The story of a maid who became an assemblywoman

Remay Pearce, the granddaughter of slaves, spent 7 weeks in N.J. Legislature in 1979-80

By David Wildstein, May 13 2021 1:48 pm

A former maid and the granddaughter of slaves, Remay Pearce served as an assemblywoman from Essex County for about seven weeks in 1979 and 1980.

In those days, when a seat in the legislature became vacant, it would remain empty until the next general election – even if the seat were about to expire.  That led to a few short-term legislative careers.

In 1979, the 28th legislative district – Irvington, South Orange and the West Ward of Newark — was in flux.

Assemblyman Peter Shapiro (D-South Orange) resigned in November 1978 after his election as the first Essex County Executive.  That was preceded by the resignation of the longtime Essex County Democratic boss, Harry Lerner.

Lerner’s replacement was Horace (Bus) Gausepohl, the Bloomfield Democratic municipal chairman and the head of the county Public Works Department.  He defeated Newark Mayor Kenneth Gibson by a 56%-44% margin.

Gausepohl decided that in 1979 he would hold a series of mini-conventions to select legislative candidates.

The result was a decision to dump freshman Assemblywoman Mary Scanlon (D-Newark) from the ticket  — she had replaced her late husband, Patrick Scanlon, when he died in office in 1977 – and run Newark Fire Director John Caufield and former Essex County Freeholder Harry McEnroe for Assembly.  Scanlan ran as an independent in the general election.

Caufield had run for mayor of Newark in 1970 – incumbent Hugh Addonizio fired him as fire director after he became a candidate – and won 13% of the vote.  He then backed Gibson in the runoff.  After Gibson ousted Addonizio, Caufield got his fire director job back.

McEnroe, the South Orange Democratic Municipal Chairman, had launched his political career in 1971 as a State Assembly candidate against Assembly Majority Leader Thomas Kean (R-Livingston).  He won a freeholder seat in 1973 and was re-elected in 1976, but his term was cut short in 1978 when a new board was elected as part of a shift to a County Executive form of government.

In August, 47-year-old Senate Judiciary Committee Chairman Martin Greenberg (D-South Orange) resigned his Senate seat to devote more attention to his law practice.

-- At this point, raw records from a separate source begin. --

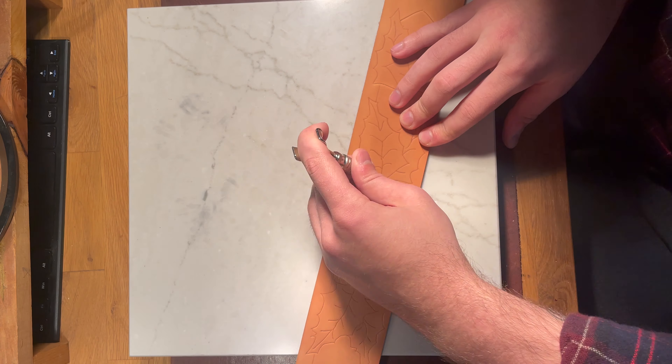Once I have all the spots in, I'm just hammering the tines on the back so they dig into the leather a little bit. It helps the spots stay in, and you also won't feel them after you've tapped them in. You can see there are a lot of spots, but I think it looks freaking awesome.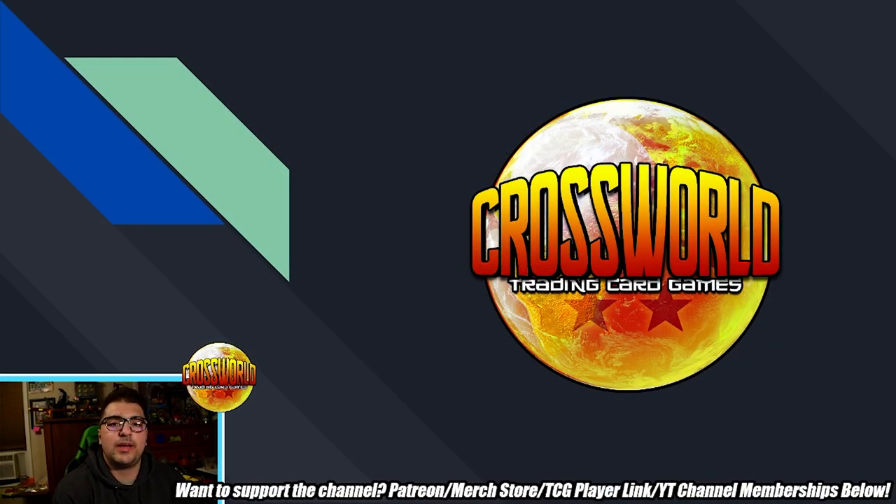What's going on dragon ballers, welcome back to another video. Today I want to go over five tips that'll help you guys get ready for sideboarded best of one formats, which I'm really happy about that Bandai is trying out at the Dragon Ball Super Fests. I know a lot of people didn't really like the Unison Warrior format idea.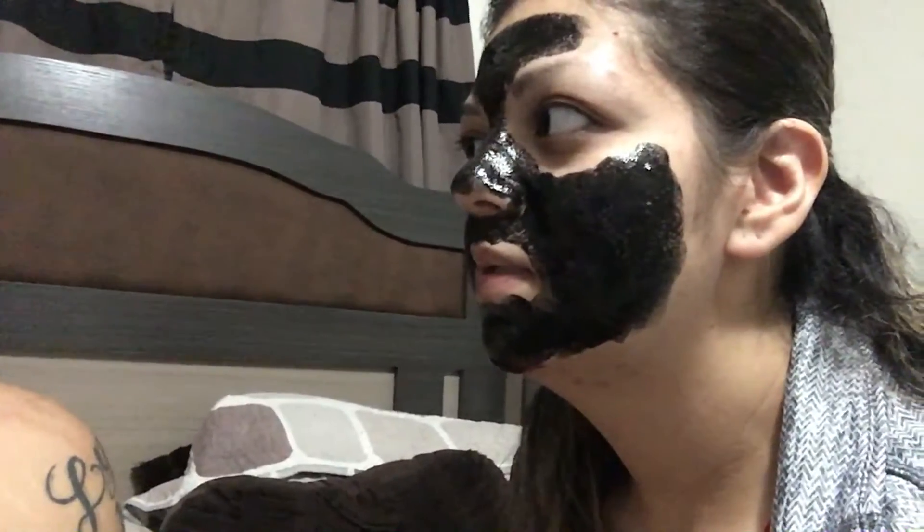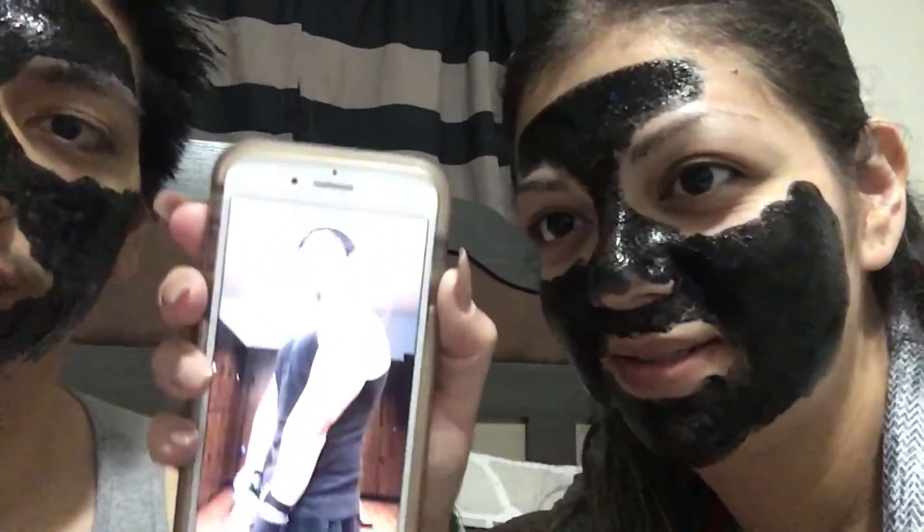We're going to keep it on for about 25 minutes. If it's not dry then we'll keep it on until 30 minutes — it says 25 to 30 minutes. I can feel it hardening already. Mine's not yet. You guys like my screensaver? It's me — well, it's Batman.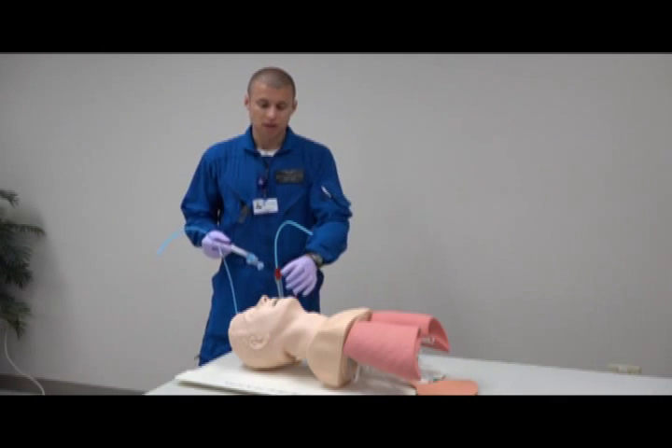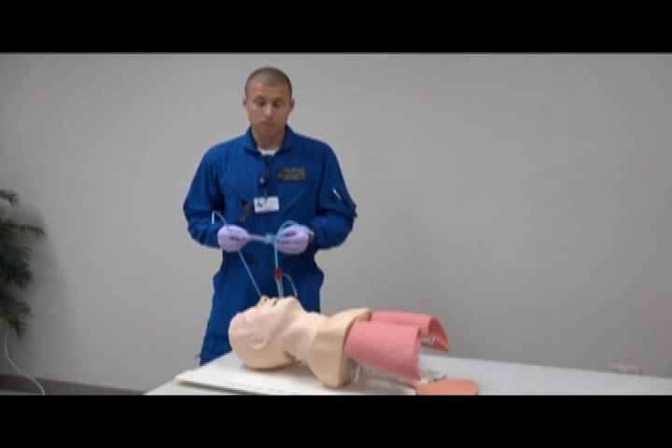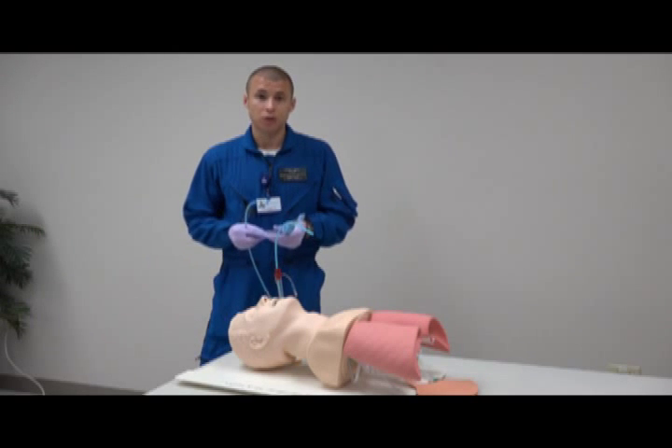You're not getting good lung compliance, you're not hearing good lung sounds even after multiple adjustments with the King, so you feel like the patient's airway needs to be secured via endotracheal tube.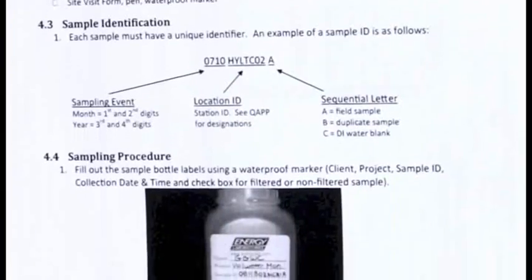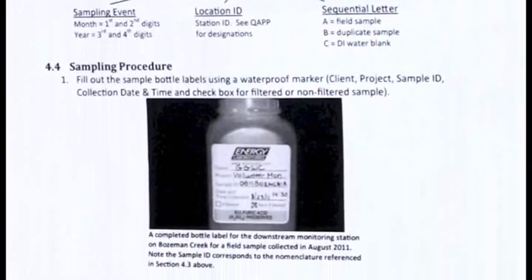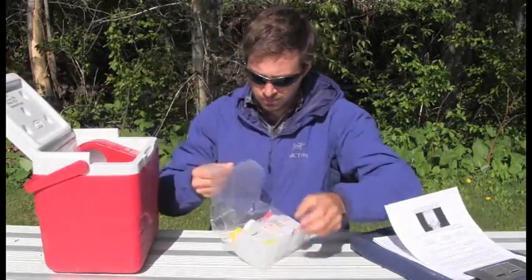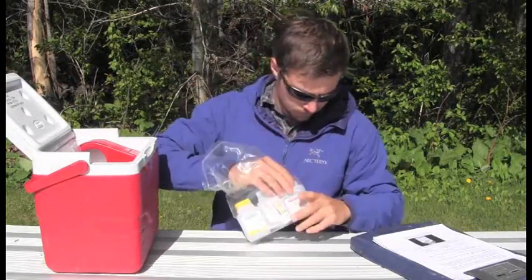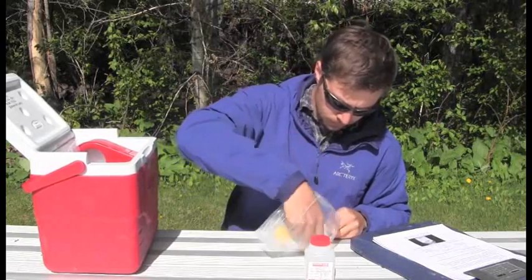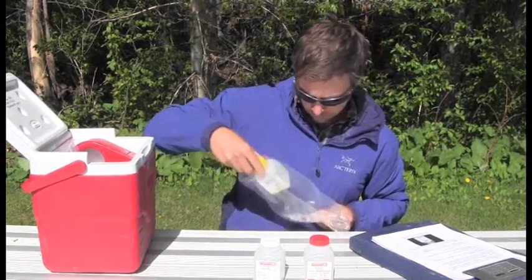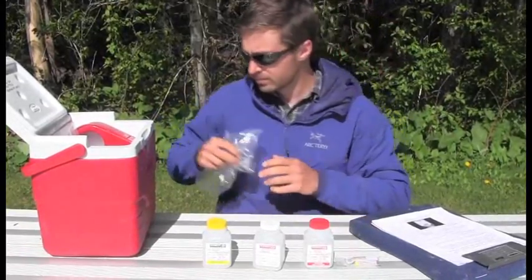Once you are familiar with the necessary protocols, unpack your cooler or equipment bin, and make sure you have all the appropriate materials needed to collect a sample. Here at our sample site, we will need to fill 3 bottles per sample, and we will need to collect duplicate and blank samples.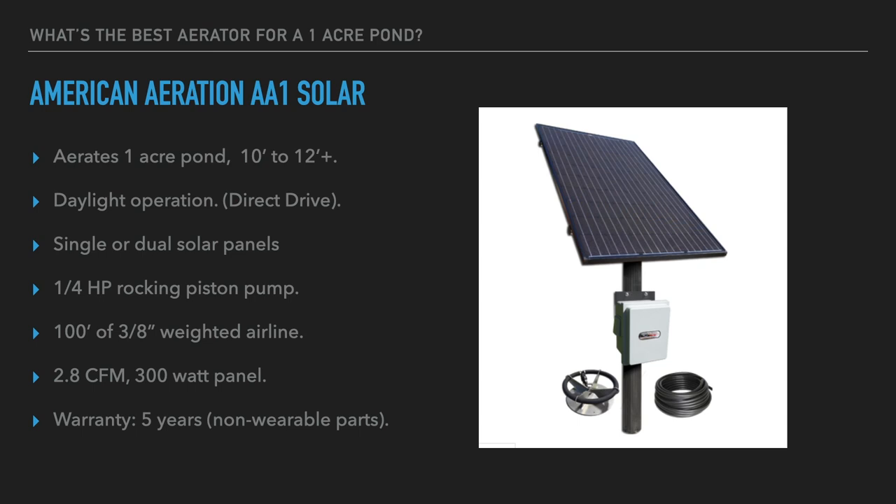100 feet of 3/8-inch weighted airline is included; output on the pump is 2.8 cubic feet per minute on the 300-watt panel. The warranty is five years on everything except non-wearable maintenance parts — air filters and piston seals and gaskets — which are part of a rebuild package all manufacturers offer. These are the systems I typically go to for a pond of about one acre; for a very deep pond I can go larger, and for a shallow pond I may add an extra diffuser for better coverage.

Later, he announced that he was becoming the President and General Counsel of the Golden Nugget Casino in Atlantic City.

That triggered a special election in November 1979 for the remaining 26 months of Greenberg’s Senate term.

Caufield entered the race for Senate and defeated Newark West Ward Councilman Michael Bottone at a Democratic convention by a 135 to 53 votes, 72%-28%.  Shapiro supported Bottone while Gibson and Gausepohl backed Caufield.

James Zangari, a former Essex County Freeholder who, like McEnroe, was a casualty of the change in the form of government, replaced Caufield on the Assembly ticket.  He ran with the backing of Irvington Democratic Municipal Chairman Rocco Neri, who had lost his Assembly seat to Shapiro’s off-the-line challenge in the 1975 Democratic primary.

On the ticket with Caufield, McEnroe and Zangari was Pearce, a 59-year-old West Ward Democratic county committeewoman.

Pearce was born in Georgia and moved to New Jersey with her father, a construction worker, at age two following the death of her mother.  All four of her grandparents were slaves.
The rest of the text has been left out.